Dubuy Yseulys, Hardouin Jean-Benoit, Blanchin Myriam, Sébille Véronique
UMR INSERM 1246, MethodS in Patients-centered outcomes and HEalth ResEarch (SPHERE), Nantes Université, Nantes, France.
Methodology and Biostatistics Unit, CHU Nantes, Nantes Université, Nantes, France.
Front Psychol. 2023 Aug 10;14:1191107. doi: 10.3389/fpsyg.2023.1191107. eCollection 2023.
When analyzing patient-reported outcome (PRO) data, sources of differential item functioning (DIF) can be multiple and there may be more than one covariate of interest. Hence, it could be of great interest to disentangle their effects. Yet, in the literature on PRO measures, there are many studies where DIF detection is applied separately and independently for each covariate under examination. With such an approach, the covariates under investigation are not introduced together in the analysis, preventing from simultaneously studying their potential DIF effects on the questionnaire items. One issue, among others, is that it may lead to the detection of false-positive effects when covariates are correlated. To overcome this issue, we developed two new algorithms (namely ROSALI-DIF FORWARD and ROSALI-DIF BACKWARD). Our aim was to obtain an iterative item-by-item DIF detection method based on Rasch family models that enable to adjust group comparisons for DIF in presence of two binary covariates. Both algorithms were evaluated through a simulation study under various conditions aiming to be representative of health research contexts. The performance of the algorithms was assessed using: (i) the rates of false and correct detection of DIF, (ii) the DIF size and form recovery, and (iii) the bias in the latent variable level estimation. We compared the performance of the ROSALI-DIF algorithms to the one of another approach based on likelihood penalization. For both algorithms, the rate of false detection of DIF was close to 5%. The DIF size and form influenced the rates of correct detection of DIF. Rates of correct detection was higher with increasing DIF size. Besides, the algorithm fairly identified homogeneous differences in the item threshold parameters, but had more difficulties identifying non-homogeneous differences.
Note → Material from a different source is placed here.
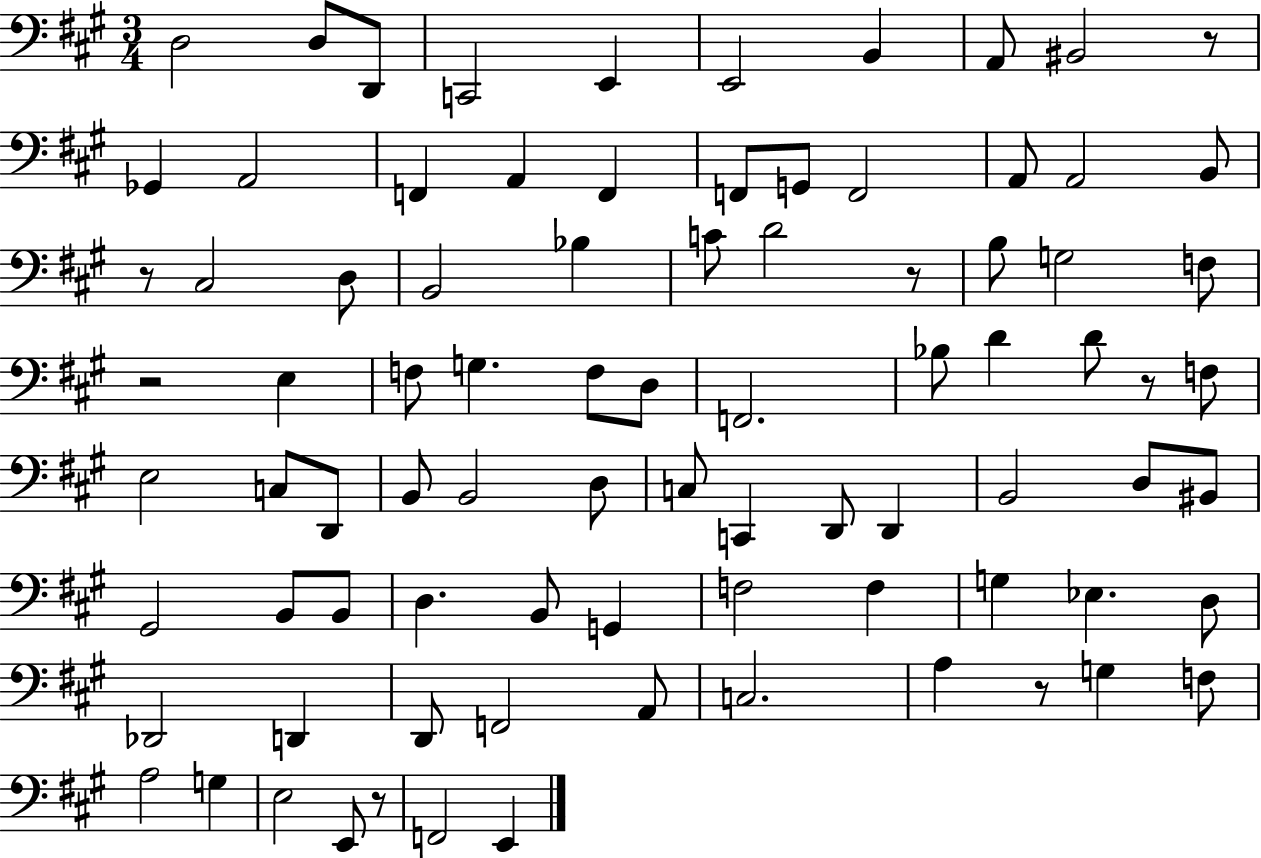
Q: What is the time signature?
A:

Over all, the ROSALI-DIF algorithms performed better than the penalized likelihood approach. Integrating several covariates during the DIF detection process may allow a better assessment and understanding of DIF. This study provides valuable insights regarding the performance of different approaches that could be undertaken to fulfill this aim.
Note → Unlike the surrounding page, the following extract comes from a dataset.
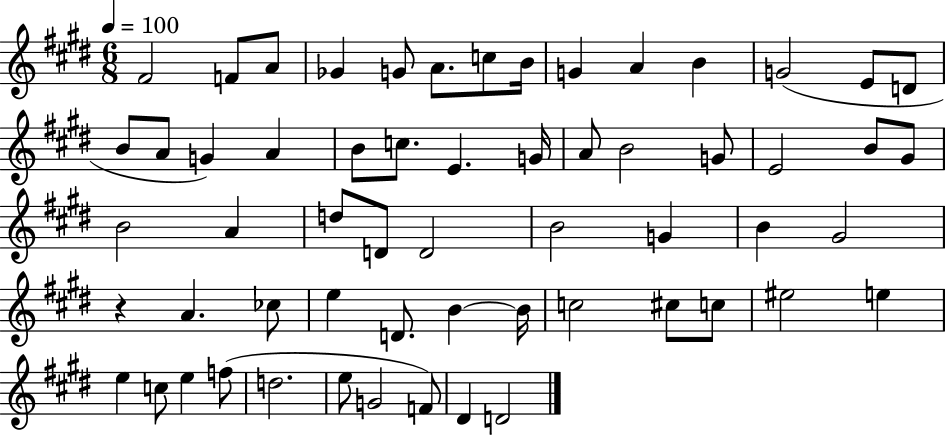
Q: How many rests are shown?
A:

在分析患者报告结局(PRO)数据时,差异项目功能(DIF)的来源可能多种多样,并且可能存在多个感兴趣的协变量。因此,厘清它们的影响可能会非常有意义。然而,在关于PRO测量的文献中,有许多研究是针对每个被检查的协变量分别独立地应用DIF检测。采用这种方法时,所研究的协变量在分析中不是一起引入的,从而无法同时研究它们对问卷项目潜在的DIF效应。其中一个问题是,当协变量相关时,这可能会导致检测到假阳性效应。为克服这个问题,我们开发了两种新算法(即ROSALI-DIF向前法和ROSALI-DIF向后法)。我们的目标是获得一种基于Rasch族模型的逐项目迭代DIF检测方法,该方法能够在存在两个二元协变量的情况下针对DIF调整组间比较。通过一项模拟研究在各种旨在代表健康研究背景的条件下对这两种算法进行了评估。使用以下指标评估算法的性能:(i)DIF的错误和正确检测率,(ii)DIF大小和形式的恢复情况,以及(iii)潜在变量水平估计中的偏差。我们将ROSALI-DIF算法的性能与另一种基于似然惩罚的方法进行了比较。对于这两种算法,DIF的错误检测率均接近5%。DIF的大小和形式影响了DIF的正确检测率。随着DIF大小的增加,正确检测率更高。此外,该算法能较好地识别项目阈值参数中的同质差异,但在识别非同质差异方面存在更多困难。总体而言,ROSALI-DIF算法的表现优于惩罚似然法。在DIF检测过程中整合多个协变量可能会更好地评估和理解DIF。本研究为实现这一目标可采用的不同方法的性能提供了有价值的见解。